(レーザー関連)京都大学/高輝度・高機能フォトニック結晶レーザー(PCSEL)の進展

-超スマート社会(Society 5.0)の実現に向けて-

電子工学専攻の野田進 教授、吉田昌宏 同助教、附属光・電子理工学教育研究センターのメーナカ デゾイサ 教授、石﨑賢司 同特定准教授、井上卓也 同助教、坂田諒一 同特定助教らのグループは、従来の半導体レーザーにはない高輝度・高機能性を有し、来るべき超スマート社会実現(Society 5.0)への貢献が期待されているフォトニック結晶レーザー(PCSEL)の最近における様々な進展(未発表の極最近の成果をも含む)に関する総説論文を発表しました。

超スマート社会(Society 5.0)におけるスマートモビリティ(=ロボットや車の自動運転等)やスマート製造(=デジタル化による自動的かつ効率的なものづくり)の実現に向けて、現在、既存の半導体レーザーの低輝度性や低機能性、また、CO2レーザー、ファイバーレーザー等の大型レーザーのサイズや低効率性、高コスト性がボトルネックとなっています。
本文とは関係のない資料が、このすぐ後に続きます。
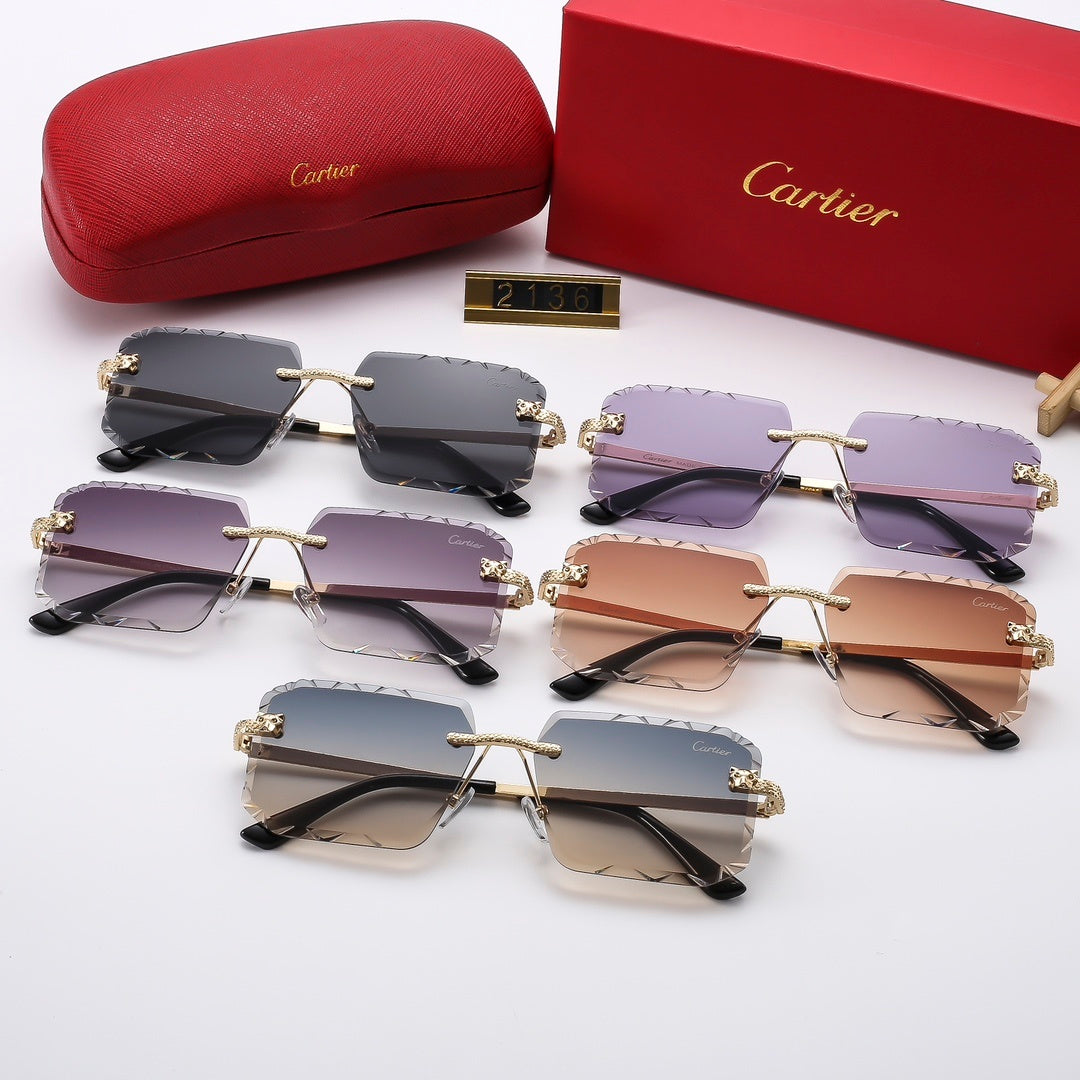 Fashion hot 5 color sunglasses 2136s mysite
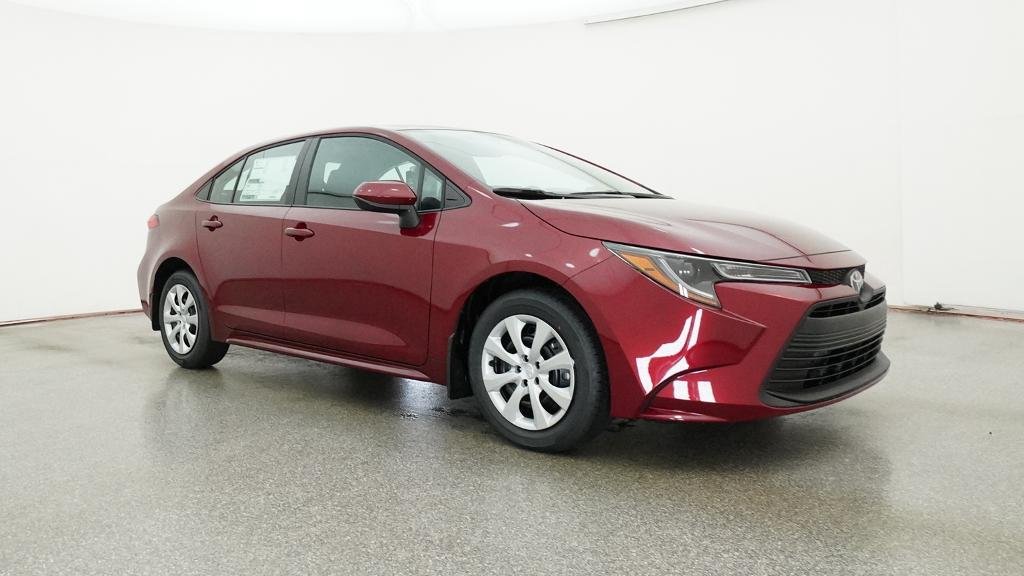 New 2027 Ruby Flare Pearl Toyota LE image 9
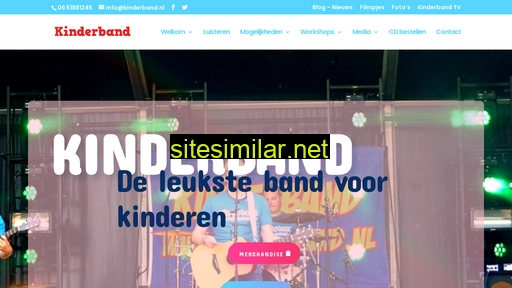 kinderband.nl alternative sites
研究グループは、これらのボトルネックを解消し、スマートモビリティやスマート製造分野におけるゲームチェンジを起こすべく、大型レーザーに匹敵する高輝度性を有し、かつ、外部光学系等を用いることなくビーム走査や様々なビームの生成が可能という高機能性を有する次世代半導体レーザー「フォトニック結晶レーザー(PCSEL)」の研究開発を進めてきました。本総説論文では、フォトニック結晶レーザーの高輝度性、高機能性の最近の大幅な向上に加え、短パルス・高ピーク出力化、短波長化、さらには機械学習との融合によるスマート化などの最新動向を解説しています。さらに、その中で、未発表の成果として、大面積(3mmΦ)フォトニック結晶レーザーのキロワット級の高ピーク出力パルス動作と、それによる金属表面へのレーザーカラーマーキングや、GaN系青色フォトニック結晶レーザーを用いた水中における距離センサー(LiDARセンサー)への応用に関する成果についても紹介しています。これらの成果は、フォトニック結晶レーザーの研究開発の一層の加速と、応用分野のさらなる拡大を促すものと期待されます。